Robot Behaviour Design, Description, Analysis and Modelling

Description :
       Since the publication of Scientific Methods in Mobile Robotics in 2006, we have gained substantially in our understanding of the factors that govern the interaction of a robot with its environment; we have extended our methods of modelling robot behaviour accurately and transparently; and we have applied these methods to a wide range of real-world robotic applications. Many aspects of Scientific Methods and the material presented in this book have become part of regular teaching and research practice in robotics laboratories worldwide. Undergraduate and postgraduate courses on experimental design and procedure in robotics, precise, quantitative description and analysis of behaviour, computer modelling of robot behaviour, and analysis.
of these models are increasingly becoming part of university programmes, for instance, at the Universities of Santiago de Compostela and Essex, the Federal Technical University of Parana in Curitiba, FEI University Sao Paulo, the International University Bruchsal and the Memorial University of Newfoundland.

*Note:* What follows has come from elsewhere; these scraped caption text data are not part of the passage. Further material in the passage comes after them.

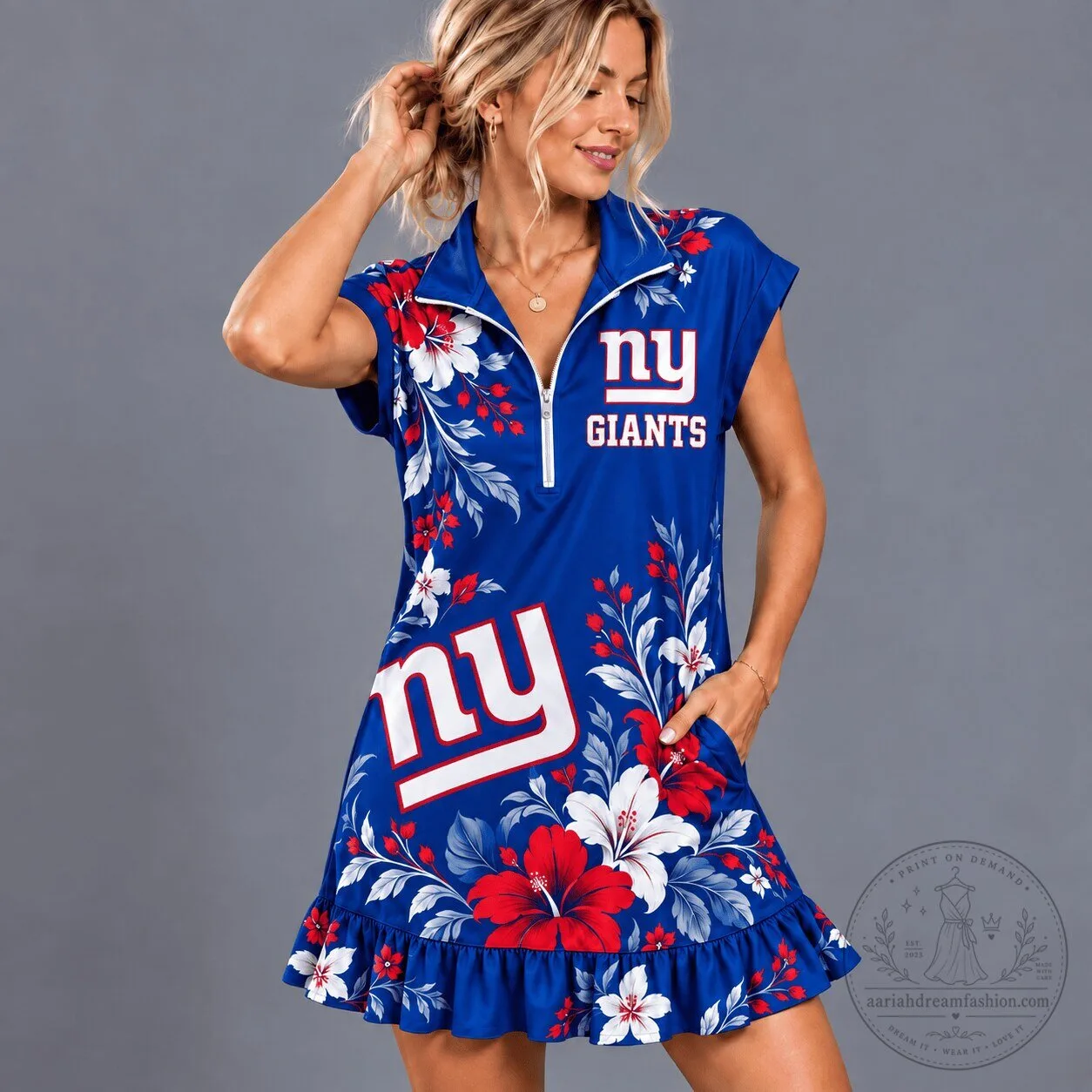 New York Giants NFL Football Floral Quarter-Zip Ruffle Dress 5 New York Giants NFL Football Floral Quarter-Zip Ruffle Dress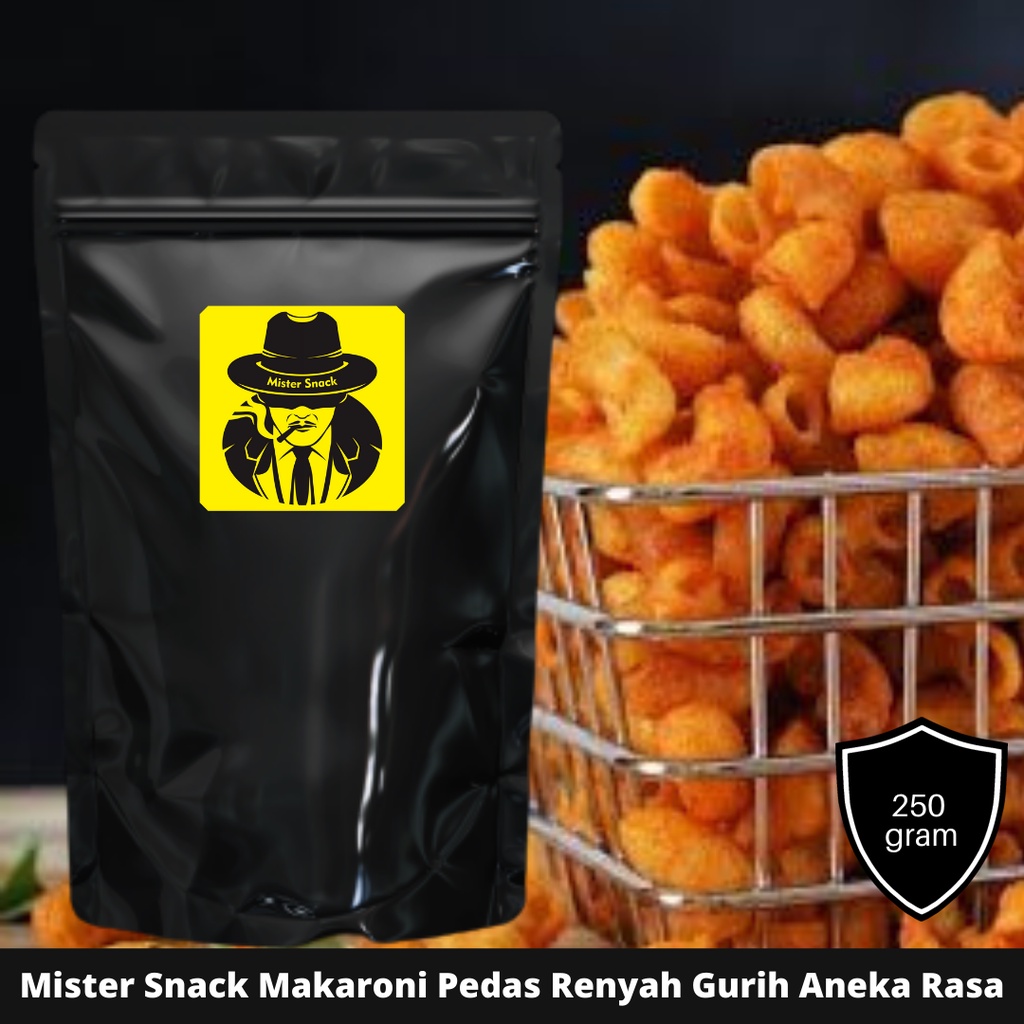 Mister Snack Kerpik &amp; Kerupuk Makaroni Pedas Daun Jeruk Renyah Gurih Premium Standing Pouch Kemasan 500 Gram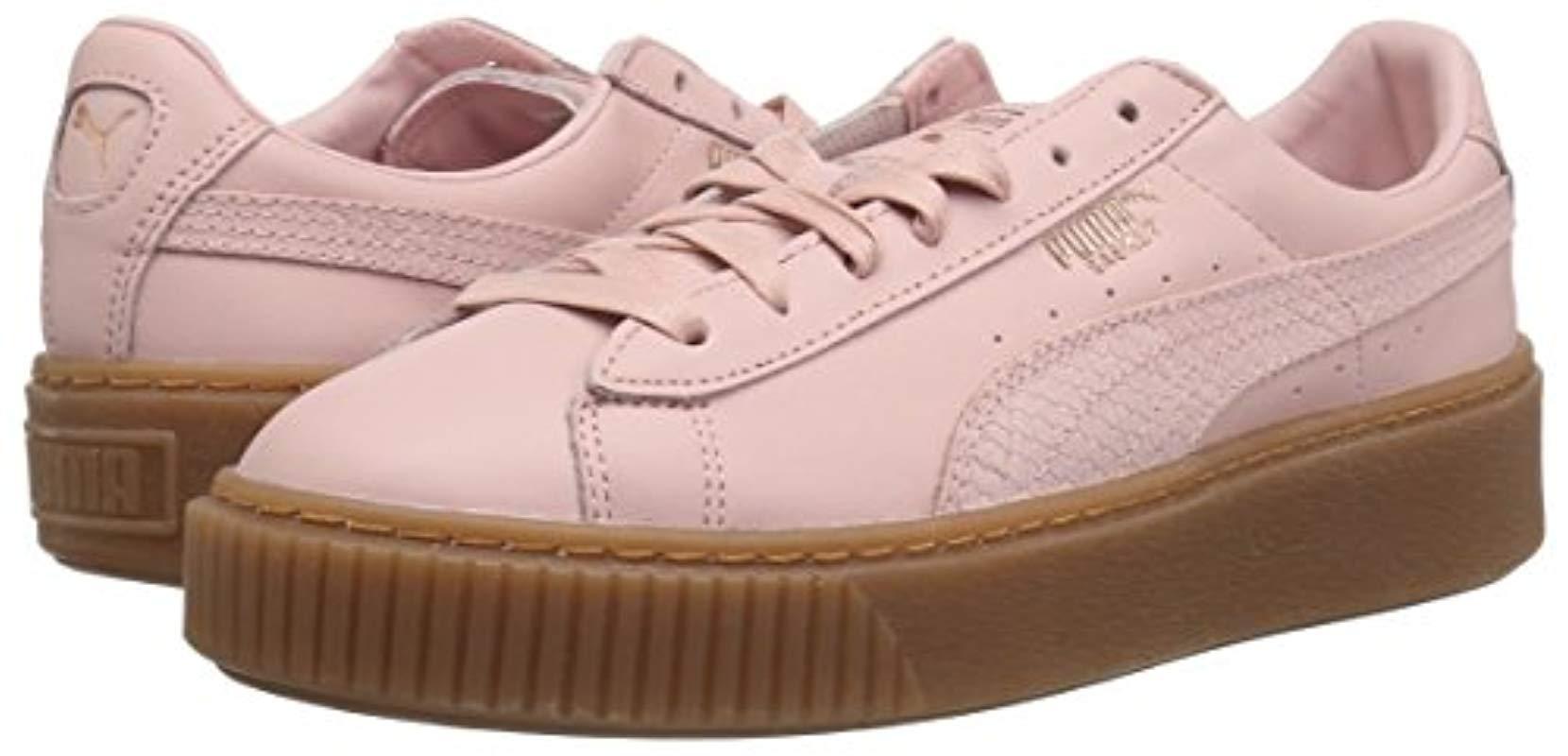 puma basket platform wit rose gold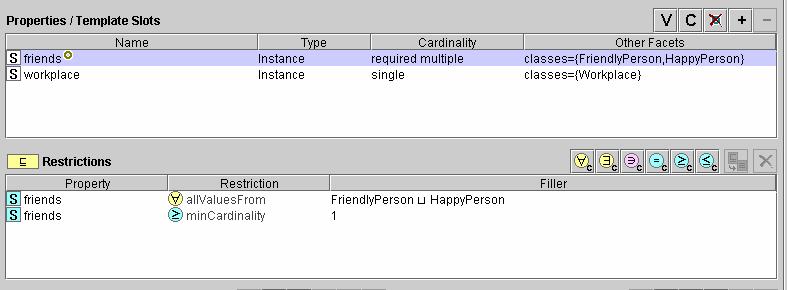 Protégé / OWL / Restrictions / Synchronization (2) In this example, multiple allowed classes for the property friends are converted into an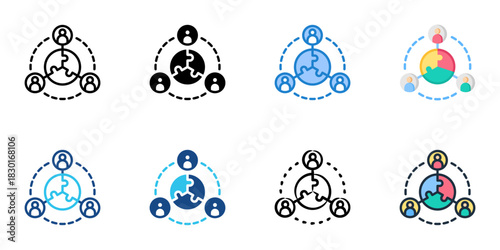 Stakeholder Involvement icon set multiple style vector collection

Robots are becoming more and more important to our economies and societies, and are beginning to influence how we do things. Cleaning, transportation, health care and even entertainment see the increasing use of robots. While it was possible, in the early days of robotics, to develop robot hardware and software through an iterative trial-and-error process, in the age of widespread robotic applications this will no longer be possible. Instead, we will need reliable design tools and methods that allow the generation of robot control software offline, without the need for refinement through trial-and-error, the quantitative evaluation of robot behaviour for safety analysis, and the fast and automatic generation of control code for fundamental sensor-motor tasks.
In other words, scientific, industrial, demographic, and political changes currently are favourable to the development and use of robots, requiring ever more robots to be designed and lines of control code to be written.
The discipline of robotics has not quite caught up with that development. For the greatest part, we still either design robots along the well-understood lines of control theory, thus limiting their capability to very narrowly defined sensormotor responses, or we design them literally by hand, generating and modifying robot hardware and software through a slow process of trial and error and iterative refinement. To date, if you want a sophisticated robot designed for a dedicated application, you need a well trained roboticist, and lots of time.
These requirements are contrary to the application scenario outlined above: we need more and more robot hardware and robot software.